Older characters feeble, sick, inactive
LOUISVILLE, Ky. (Feb. 17, 2017) — Characters 60 and older in critically acclaimed films are often underrepresented and stereotypically portrayed, says a joint study by Humana Inc. and the Media, Diversity, & Social Change Initiative at University of Southern California’s (USC) Annenberg School for Communications and Journalism.
USC analyzed 1,256 speaking or named characters in the 25 best picture-nominated films in 2014, 2015, and 2016, to assess the portrayal of characters aged 60 and over. Humana also analyzed its own quantitative survey data on the attributes considered most important for aging Americans. One theme that emerged from the Humana data was the perceived importance of feeling optimistic, valued or recognized.
The study found:
- Of 1,256 characters evaluated, only 148 (11.8 percent) were 60 years of age or older – despite representing 18.5 percent of the U.S. population, according to the 2010 U.S. Census.
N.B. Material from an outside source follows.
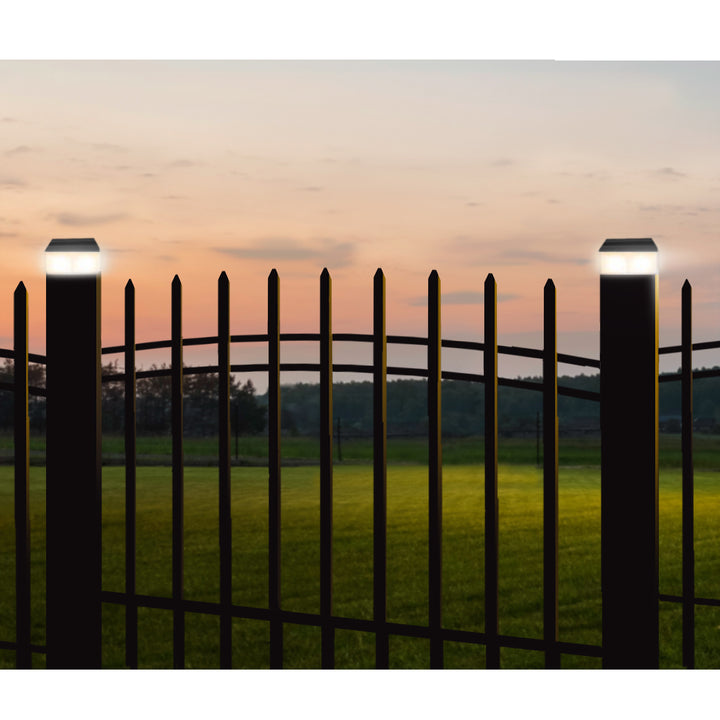 Lampe solaire LED sur poteau GreenBlue, 60 x 60 mm, auvent en forme d'enveloppe, GB126, 2 pièces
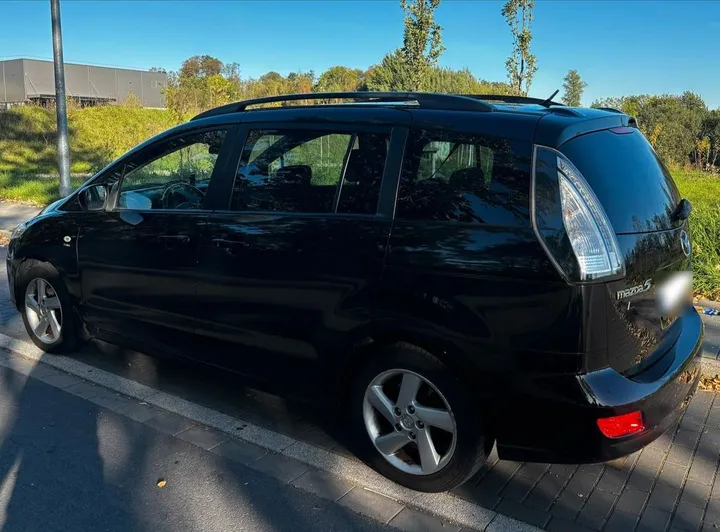 Mazda 5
- Six of the 14 films that featured a leading or supporting aging character contained ageist comments. Examples of these comments include “mentally feeble, sick old ladies” and “…just sit here and let Alzheimer’s run its course” – revealing that even critically acclaimed films misrepresent what it means to be a senior citizens
- Humana’s quantitative survey segmented seniors aged 60 and over by those who feel most valued, which was defined as being positively recognized and appreciated by family, friends and society
- Those seniors who felt least valued reported more than twice as many physically unhealthy days and more than three times as many mentally unhealthy days per month as their “most valued” counterparts.
- Regardless of their health, most seniors agreed that film industry portrayals of their age group were inaccurate.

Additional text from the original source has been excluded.